→ YOUR INSTRUCTIONS:
Type out the data exactly as given. Skip any image.

####

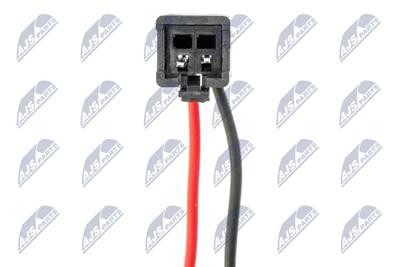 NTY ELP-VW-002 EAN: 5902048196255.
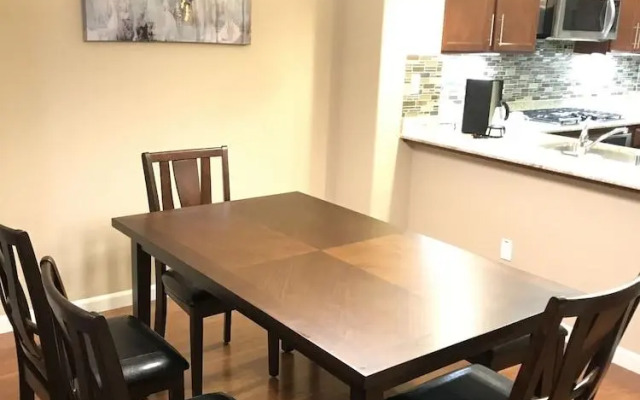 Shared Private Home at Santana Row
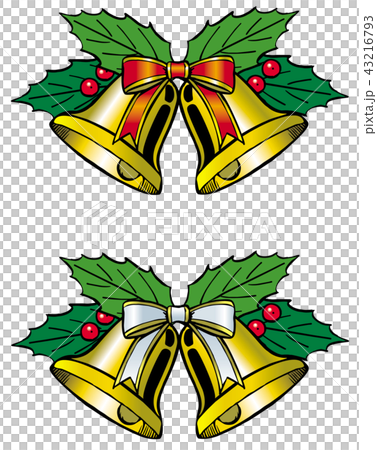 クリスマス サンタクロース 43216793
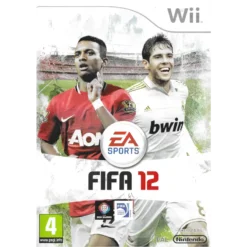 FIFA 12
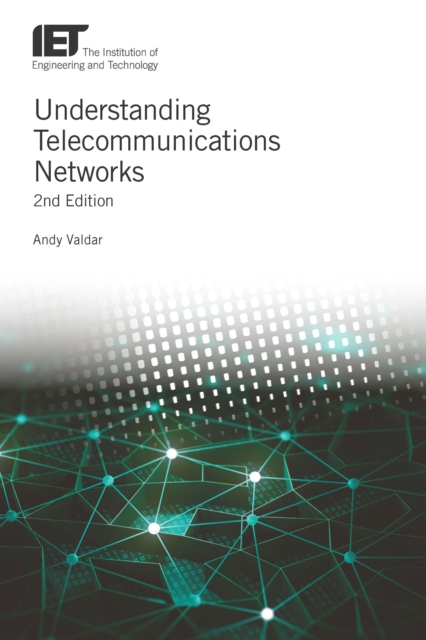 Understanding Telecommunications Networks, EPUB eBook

####

→ TASK RESULT:
 NTY ELP-VW-002 EAN: 5902048196255.
 Shared Private Home at Santana Row
 クリスマス サンタクロース 43216793
 FIFA 12
 Understanding Telecommunications Networks, EPUB eBook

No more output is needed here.